> [Exercise data]:

■ ■ ■

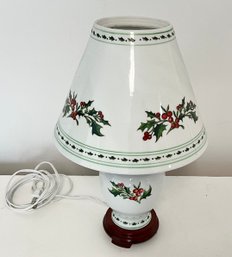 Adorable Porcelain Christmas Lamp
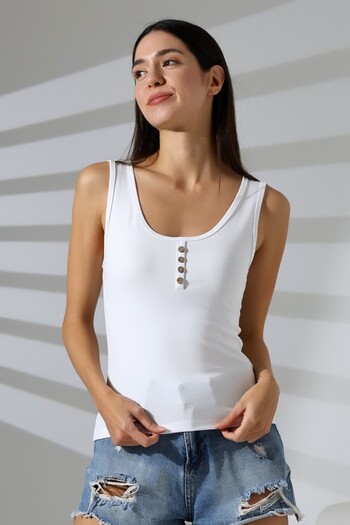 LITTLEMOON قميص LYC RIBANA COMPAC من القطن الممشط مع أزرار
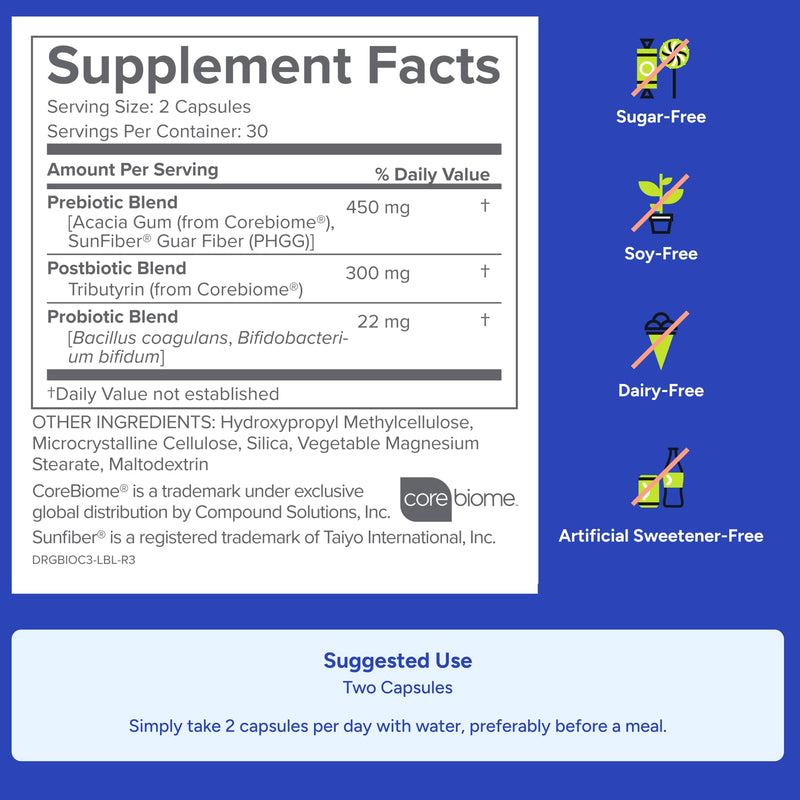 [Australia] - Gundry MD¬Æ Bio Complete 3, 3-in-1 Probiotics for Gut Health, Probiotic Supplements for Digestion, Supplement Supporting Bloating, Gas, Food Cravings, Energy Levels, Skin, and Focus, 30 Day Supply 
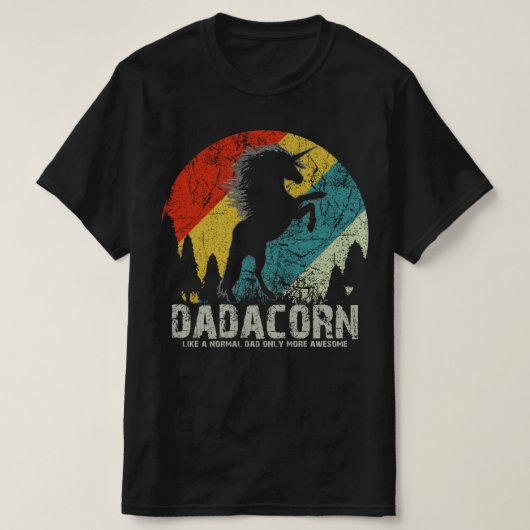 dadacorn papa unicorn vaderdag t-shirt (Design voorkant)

■ ■ ■

> [Action item]: Your task is to retype exactly the lines that run from the line with "[Australia] - Gundry" through the last line of the material, with the pictures left out.

> [Answer for the task]:
 [Australia] - Gundry MD¬Æ Bio Complete 3, 3-in-1 Probiotics for Gut Health, Probiotic Supplements for Digestion, Supplement Supporting Bloating, Gas, Food Cravings, Energy Levels, Skin, and Focus, 30 Day Supply 
 dadacorn papa unicorn vaderdag t-shirt (Design voorkant)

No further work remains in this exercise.